Work item >> Could you copy exactly the lines from the one containing "Peugeot 307 Starter motor S3002" through the last line of the records below, leaving out any pictures?

*** Given data

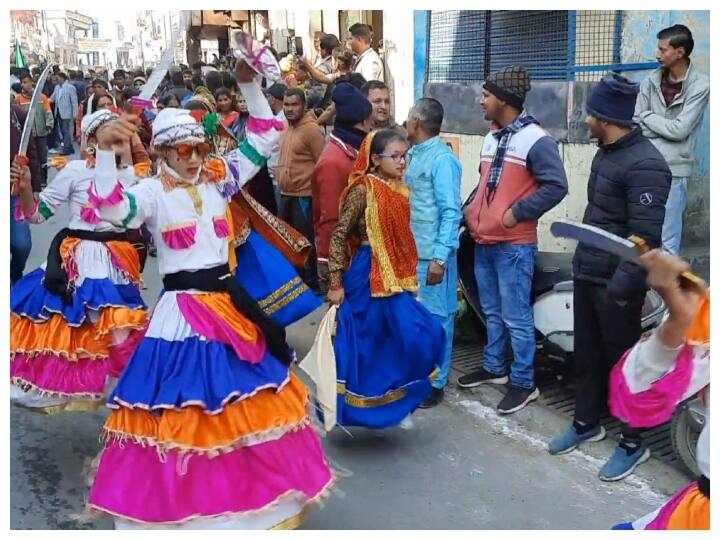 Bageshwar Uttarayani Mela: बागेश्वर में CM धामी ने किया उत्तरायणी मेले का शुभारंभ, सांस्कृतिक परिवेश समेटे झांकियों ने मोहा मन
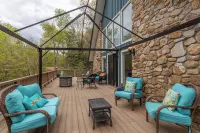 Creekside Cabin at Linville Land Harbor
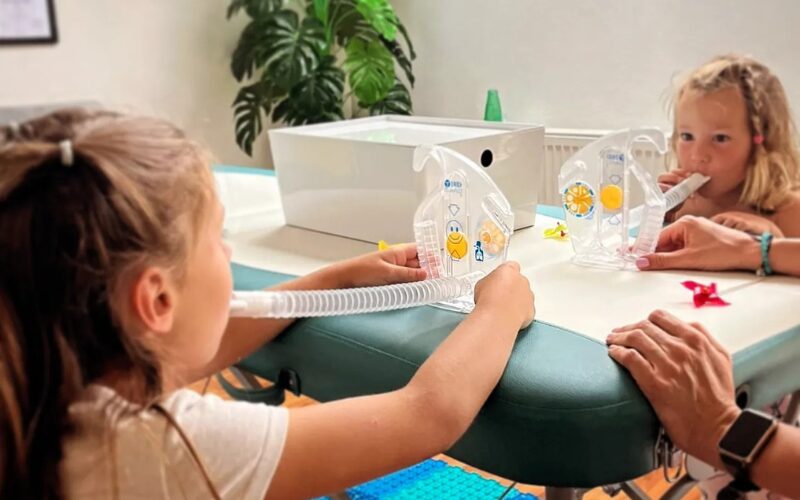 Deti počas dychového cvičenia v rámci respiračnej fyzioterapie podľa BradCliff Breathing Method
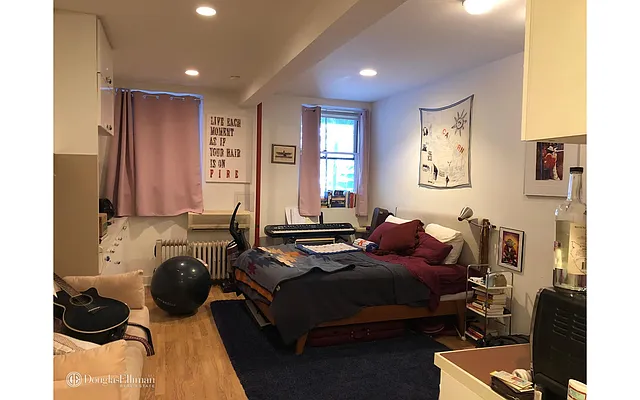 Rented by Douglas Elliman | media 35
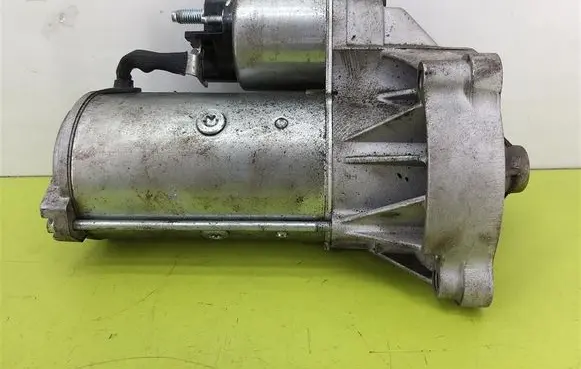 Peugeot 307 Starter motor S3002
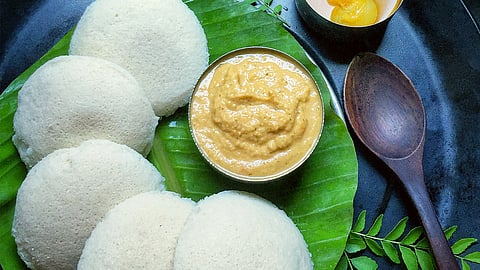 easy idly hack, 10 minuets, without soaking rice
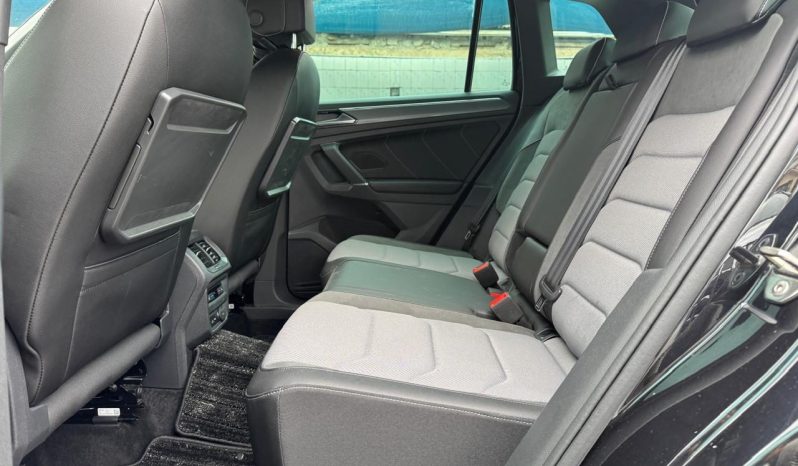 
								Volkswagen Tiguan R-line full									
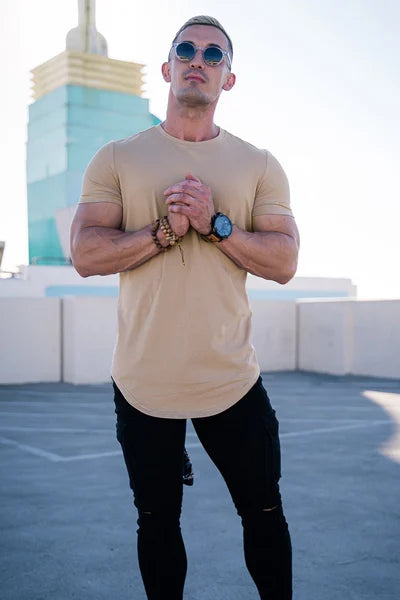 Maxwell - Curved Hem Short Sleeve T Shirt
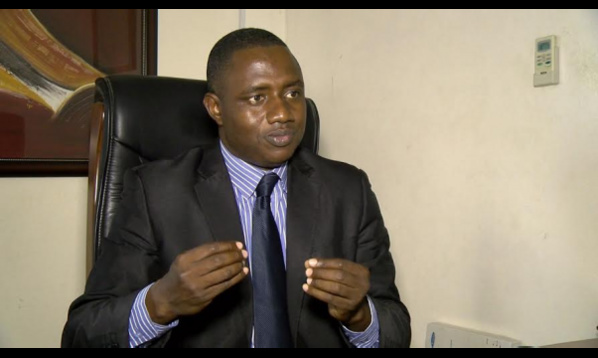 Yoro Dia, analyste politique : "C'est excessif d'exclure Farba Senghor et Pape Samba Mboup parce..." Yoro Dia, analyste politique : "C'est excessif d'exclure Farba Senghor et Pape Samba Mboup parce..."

******

Result >>
 Peugeot 307 Starter motor S3002
 easy idly hack, 10 minuets, without soaking rice
								Volkswagen Tiguan R-line full									
 Maxwell - Curved Hem Short Sleeve T Shirt
 Yoro Dia, analyste politique : "C'est excessif d'exclure Farba Senghor et Pape Samba Mboup parce..." Yoro Dia, analyste politique : "C'est excessif d'exclure Farba Senghor et Pape Samba Mboup parce..."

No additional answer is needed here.